Bei Krafzik fehlt wohl auch noch ein Tick Erfahrung in der Disziplin. Abuaku und Eckhardt hatten einfach Pech, 3 100tel oder 3 Zentimeter sind weder planbar noch durch Willensstärke zu zwingen. Bebendorf hat auch die richtige Renn-Einstellung, aber fehlt halt läuferisch noch ein bißchen. Wie Klein ihre Plazierung einschätzt, weiß ich nicht; es ist ein solides Ergebnis, aber halt auch kein positiver Ausreißer. Sie ist m.E. jemand, dem ein Rennverlauf fürs Optimum etwas entgegen kommen muss. Offensiv selbst gestalten traut sie sich anscheinend nur, wenn sie halbwegs sicher weiß, dass sie überlegen ist, wie bei DM oder damals Universiade.
Da die vielen 4.-8. Plätze vielleicht etwas enttäuscht haben (und ich meine ebenfalls, dass der DLV bei "Außenseiterchancen" eine miserable Verwertungsquote hat), ein kurzer Vergleich:
Bei der sehr erfolgreichen EM 2018 war keine Deutsche in den Finals über 1500m, 400 Hürden oder 800m.
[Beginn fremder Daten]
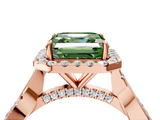 Rose gold Fancy Green Asscher  Halo Twist Band Solitaire Ring_10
Im Marathon waren die Plazierungen diesmal viel besser, ebenso die jeweils zweitbeste Athletin über 5000 und 10000m.
Über 400m H ist das Niveau diesmals viel höher. Sprunger gewann mit europ. JBL 54,33, das war Krafzik im VL gelaufen.
Bei den Männern waren 2018 die besten Laufplazierungen Traber als 5. und Benitz als 7.; es war kein Mann im Finale über 200m, 400H oder 3000m Hindernis (und Gold im Marathon gab es natürlich auch nicht). Das war diesmal eher besser, wobei das "Loch" von 400-1500m weiterhin schmerzhaft bleibt. (Nils Voigt würde ich eine top 6 noch zutrauen, wenn er die Form vom Frühsommer mindestens halten konnte.)
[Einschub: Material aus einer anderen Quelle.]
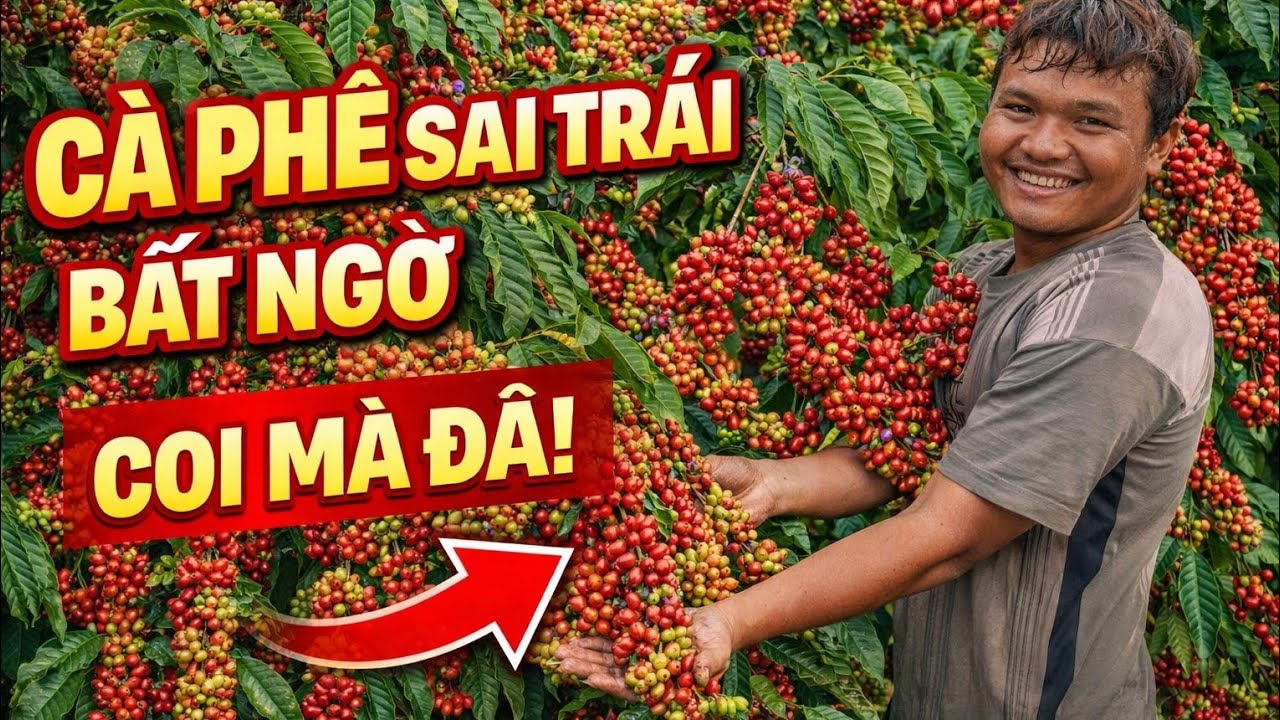 Vườn cà phê sai trái bất ngờ, coi mà đã con mắt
D.h. der Eindruck, den ich schon bei den WM-Nominierungen hatten (wo dann leider kaum jemand ein Finale erreichte), dass im Bereich "unterhalb" der Medaillen das Niveau in etlichen (Lauf)disziplinen sich verbessert hat, v.a. in der Breite.
Dafür sind einige andere Disziplinen leider, zumal in nur 4 Jahren, entweder deutlich schwächer geworden oder nach wie vor schwach. Beim Siebenkampf muss man wohl auf die nächste Nachwuchsgeneration hoffen, Stabhoch Frauen war D lange eine der besten Nationen, das ist praktisch futsch. Ebenso und noch weniger verständlich (da MK standard) der kurze Hürdensprint.
Kugel hat zwar zumindest bei den Frauen eine erfreuliche Breite, aber die Spitze fehlt nach Schwanitz, noch schlechter bei Kugel und Diskus M. Im Speer hat Weber zwar noch eine gute Chance, aber Hussong und Vetter erst gar nicht dabei. Bei solchen Kerndisziplinen wie Hoch F und Weit M, die auch keine internat. Leistungesexplosion gesehen haben (wie Langhürden), sind die deutschen "Spezialisten" auf MK-Niveau.